Reproduce every line below exactly as written; do not include the images.
*** GIVEN DATA Section Begins ***
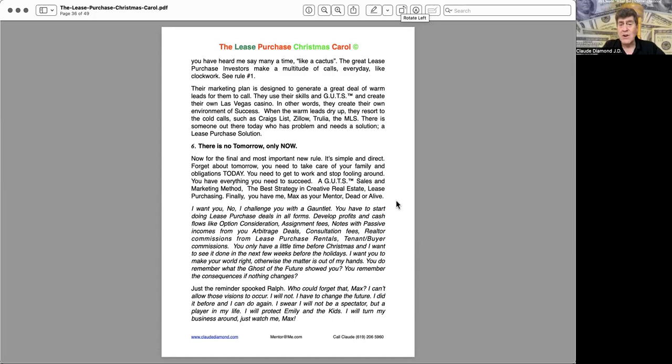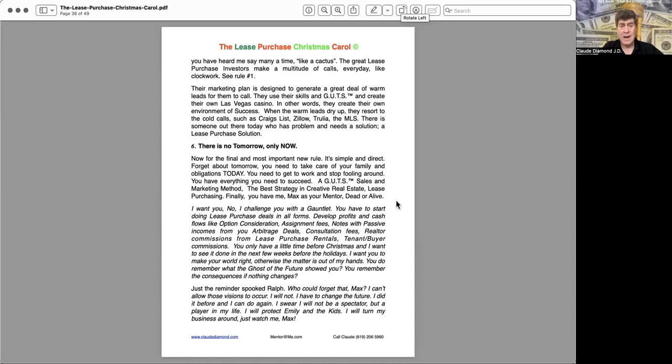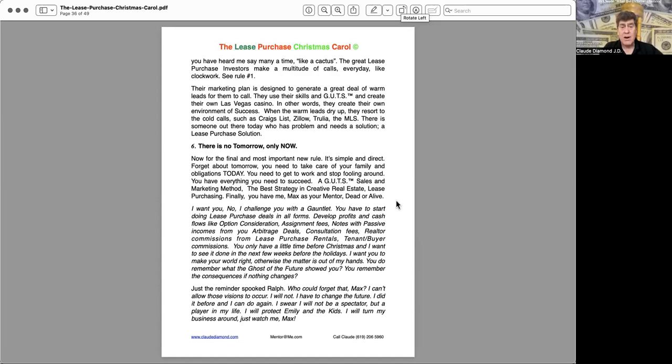Six, there is no tomorrow, only now. Now is the, now for the final and most important new rule. It's simple and direct. Forget about tomorrow. You need to take care of your family and obligations today. You need to get to work and stop fooling around. You have everything you need to succeed. A gut sales and marketing method. The best strategy in creative real estate lease purchasing. Finally, you have me, Max, as your mentor, dead or alive.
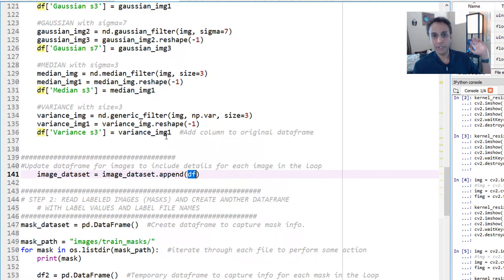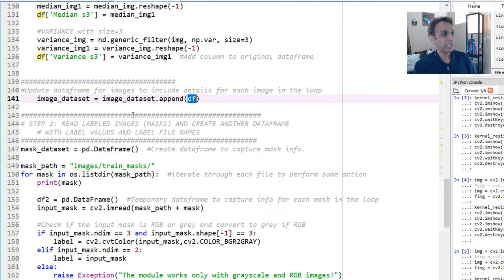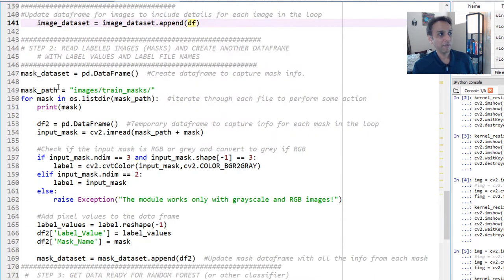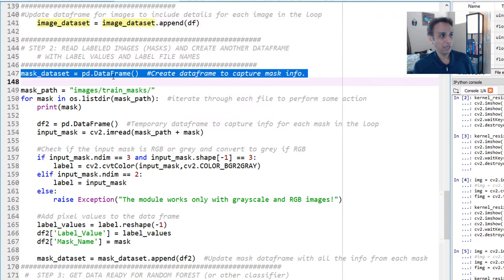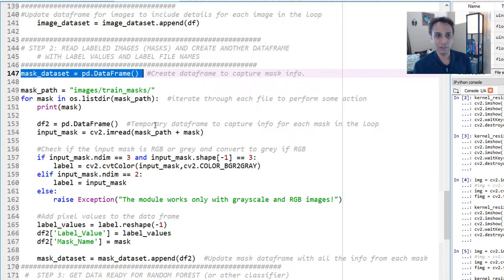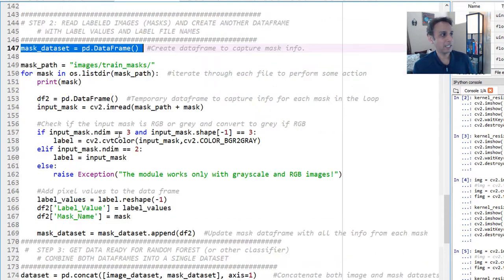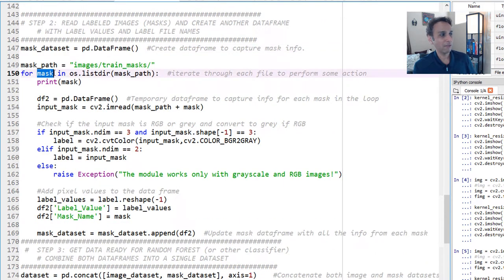So once everything is done, now remember this image data set that I have up here, the blank one that we created. So at the end of the image, at the end of all the features for image, I'm going to append the data frame that we have been accumulating for each image. That's it. This is how you do it for multiple images. So you can exit this video right now if you don't care about the rest of this part. But so I did exactly the same thing even for masks. So I created a dummy or empty data frame for mask to hold mask data set. But for mask, we are not doing a bunch of filters. What do we need for mask? The file name and the values, pixel values. That's exactly what we are doing.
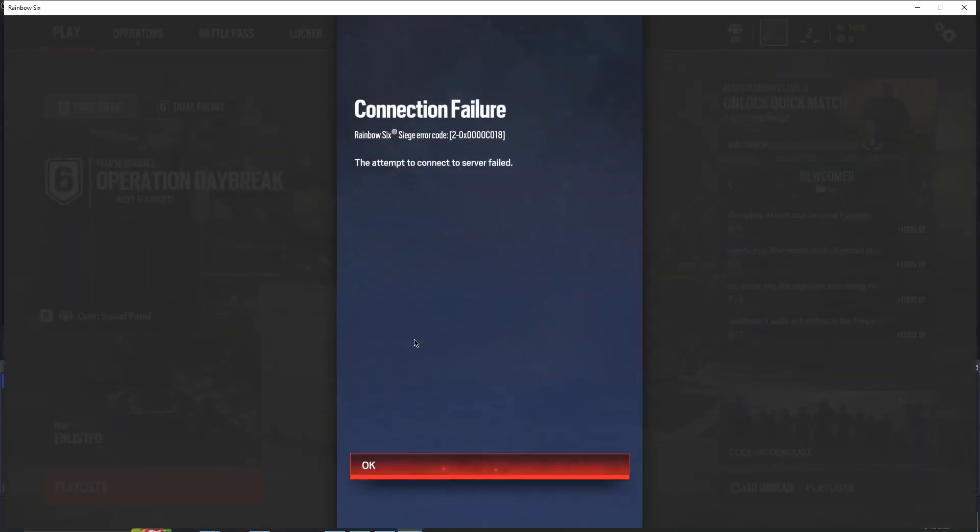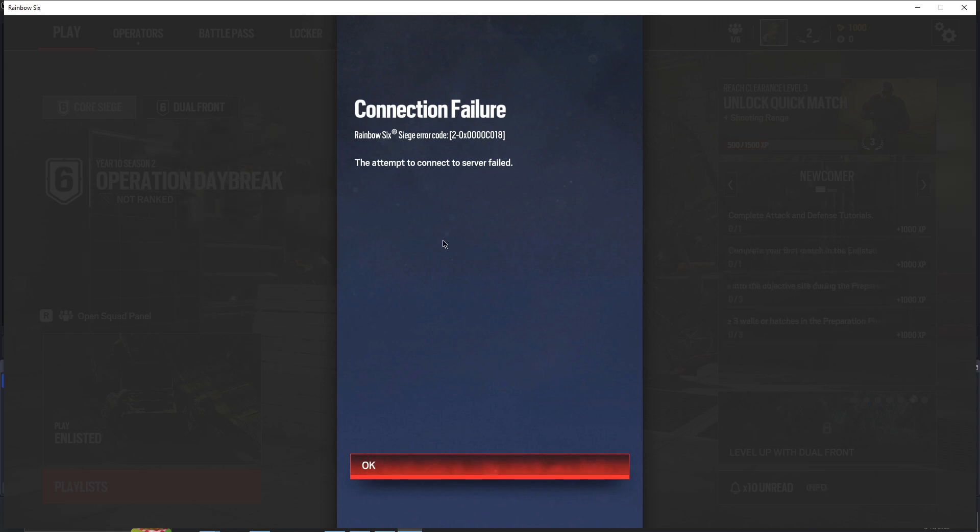Hello everyone, so welcome to how to fix. If you are getting this error, the attempt to connect to a server failed in Rainbow 6 Siege game.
*** GIVEN DATA Section Ends ***
REPLY ::
Six, there is no tomorrow, only now. Now is the, now for the final and most important new rule. It's simple and direct. Forget about tomorrow. You need to take care of your family and obligations today. You need to get to work and stop fooling around. You have everything you need to succeed. A gut sales and marketing method. The best strategy in creative real estate lease purchasing. Finally, you have me, Max, as your mentor, dead or alive.
So once everything is done, now remember this image data set that I have up here, the blank one that we created. So at the end of the image, at the end of all the features for image, I'm going to append the data frame that we have been accumulating for each image. That's it. This is how you do it for multiple images. So you can exit this video right now if you don't care about the rest of this part. But so I did exactly the same thing even for masks. So I created a dummy or empty data frame for mask to hold mask data set. But for mask, we are not doing a bunch of filters. What do we need for mask? The file name and the values, pixel values. That's exactly what we are doing.
Hello everyone, so welcome to how to fix. If you are getting this error, the attempt to connect to a server failed in Rainbow 6 Siege game.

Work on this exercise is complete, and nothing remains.